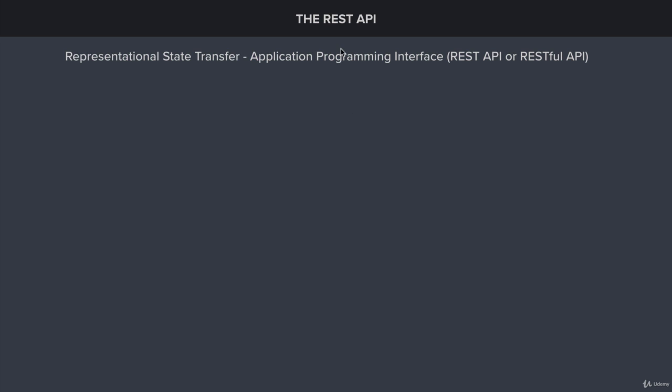Express provides us with a set of tools that allow us to build software applications. The REST API we're creating is also going to provide a set of tools allowing others to build out their software. Now let's move on to the harder thing to define: Representational State Transfer.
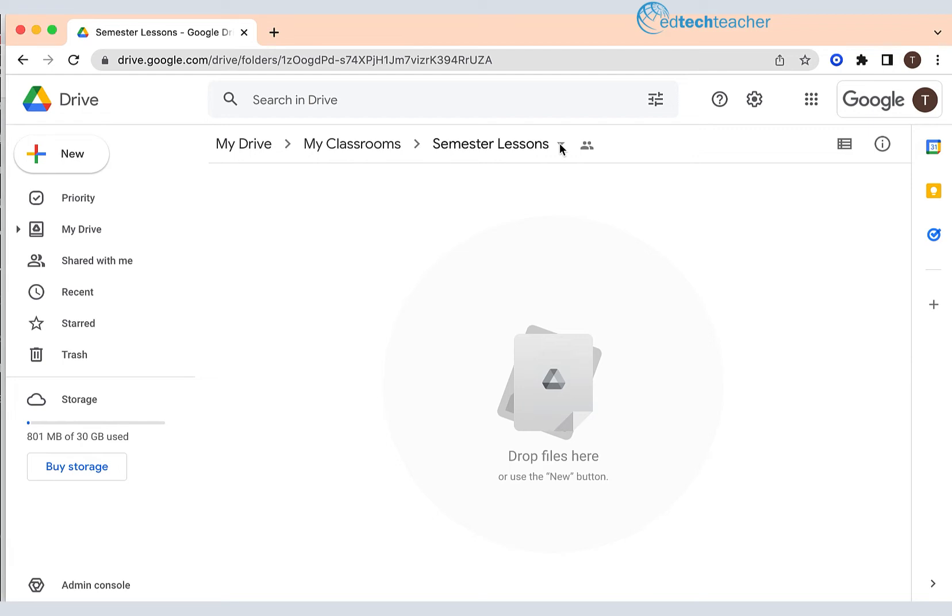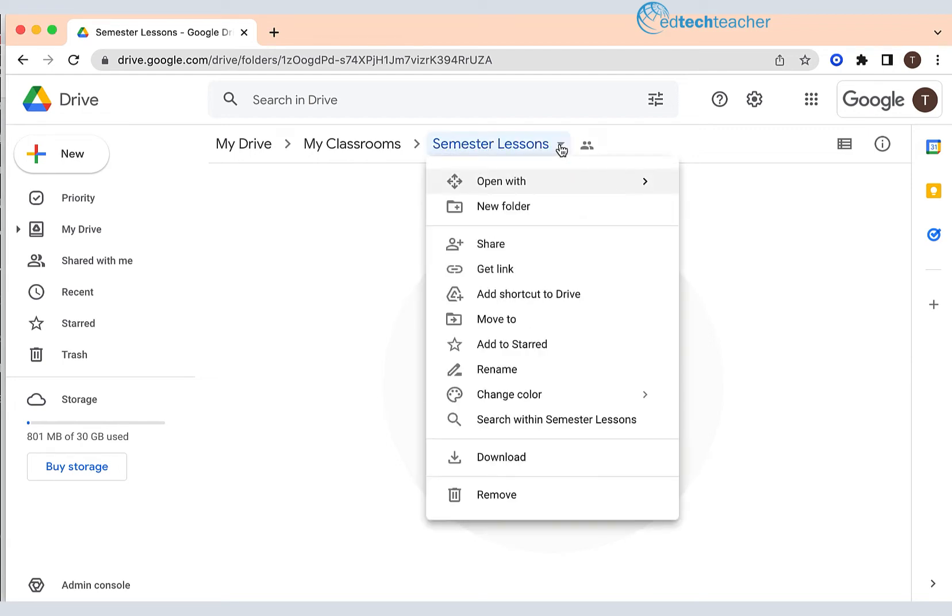Now what I'm going to do is click on the arrow to the right and go to add to starred. I'm going to click on add to starred.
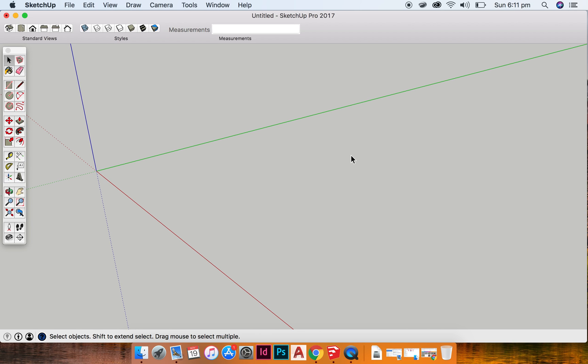Once you have created your model to scale, and when I say to scale, you should have already worked out all of your design and everything, whatever it is, and then when you're creating it in SketchUp, you do so by using the measurements tab.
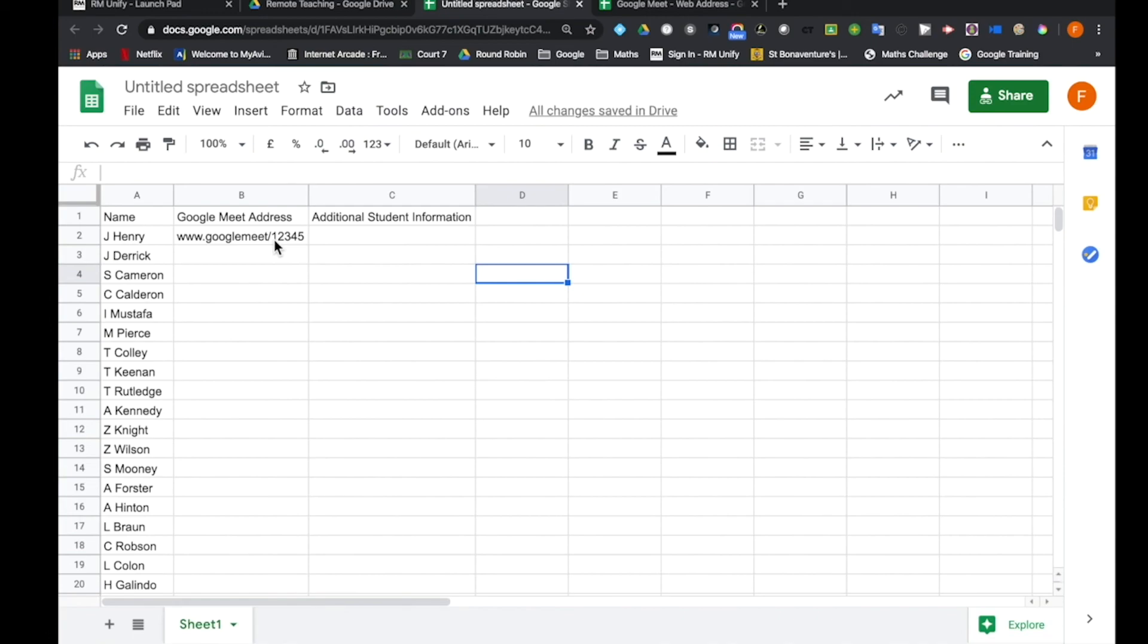You would of course then have to make sure that each of the individual files has the correct permission set, and that students have the link to the correct version of that file. Thank you.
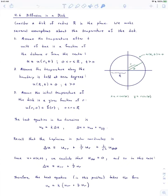In this video, we'll look at the notes for section 4.6, which is called diffusion in a disk.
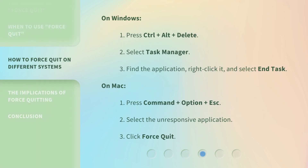On Windows: 1. Press Control plus Alt plus Delete. 2. Select Task Manager. 3. Find the application, right-click it, and select End Task.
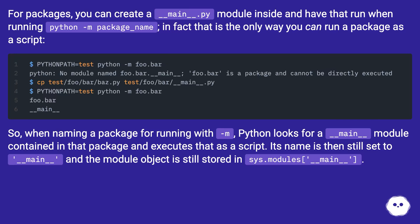So when naming a package for running with `-m`, Python looks for a `__main__` module contained in that package and executes that as a script. Its name is then still set to `__main__` and the module object is still stored in `sys.modules['__main__']`.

:::::

- [Work instruction] Your answer must be the exact lines of the records from the first one through the line containing "In this video, we'll", with no pictures in it.

- [Your response]
Express provides us with a set of tools that allow us to build software applications. The REST API we're creating is also going to provide a set of tools allowing others to build out their software. Now let's move on to the harder thing to define: Representational State Transfer.
Now what I'm going to do is click on the arrow to the right and go to add to starred. I'm going to click on add to starred.
Once you have created your model to scale, and when I say to scale, you should have already worked out all of your design and everything, whatever it is, and then when you're creating it in SketchUp, you do so by using the measurements tab.
You would of course then have to make sure that each of the individual files has the correct permission set, and that students have the link to the correct version of that file. Thank you.
In this video, we'll look at the notes for section 4.6, which is called diffusion in a disk.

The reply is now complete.